Restate the records below word for word, and omit the images they hold.

EXERCISE INPUTS Block Start

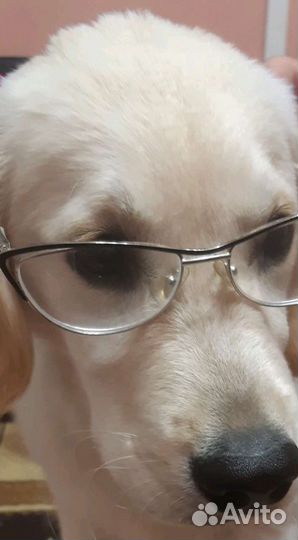 Вязка лабрадор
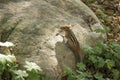 A chipmunk perched on a large limestone  boulder Royalty Free Stock Photo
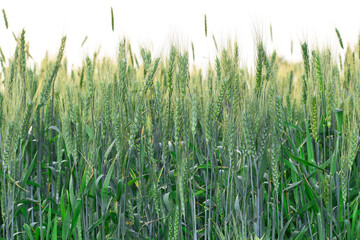 A field with green ears of wheat on a hot summer day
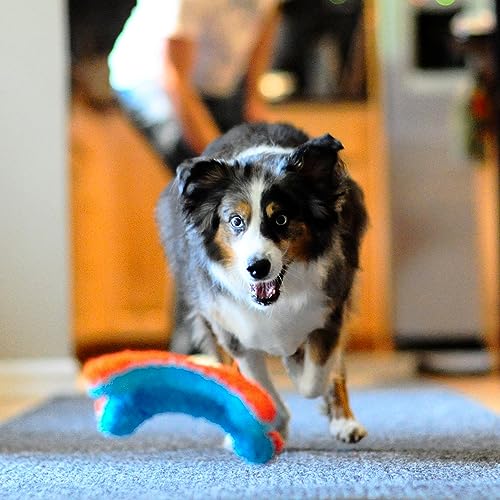 Orange and Blue 6.5 Inch Dog Toy O633
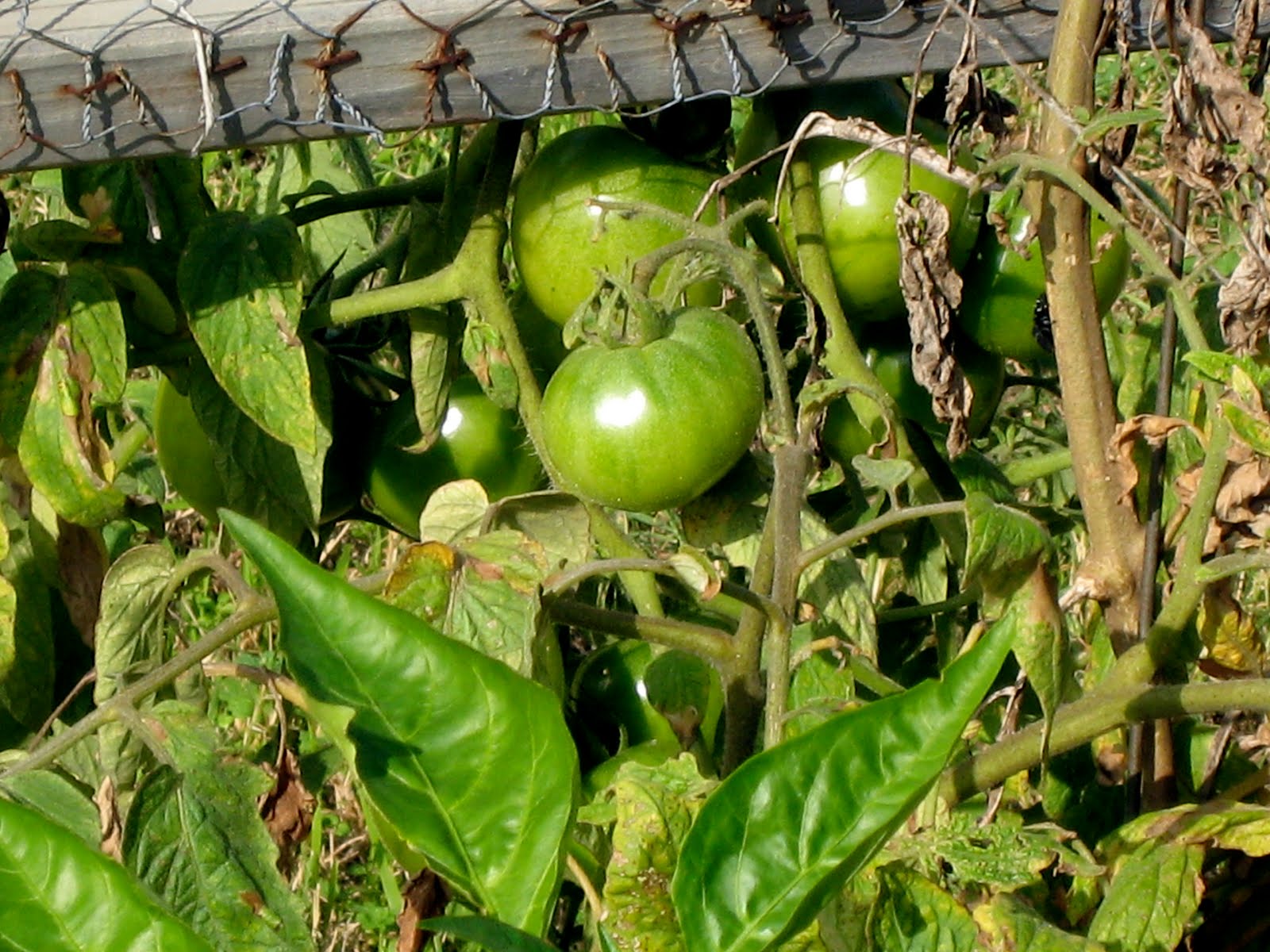 Texas Urban Homestead : How Does Your Garden Grow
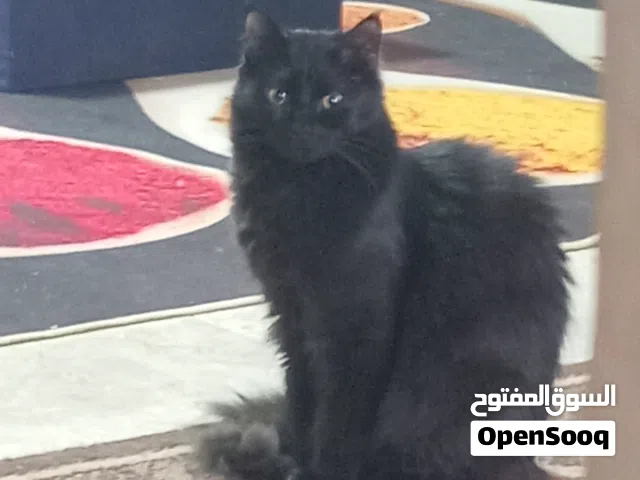 قطة للتبني، أنثى مكس شيرازي أنغوري، عمرها سنة، لونها اسود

EXERCISE INPUTS Block End

### SOLUTION FOR THIS EXERCISE:
 Вязка лабрадор
 A chipmunk perched on a large limestone  boulder Royalty Free Stock Photo
 A field with green ears of wheat on a hot summer day
 Orange and Blue 6.5 Inch Dog Toy O633
 Texas Urban Homestead : How Does Your Garden Grow
 قطة للتبني، أنثى مكس شيرازي أنغوري، عمرها سنة، لونها اسود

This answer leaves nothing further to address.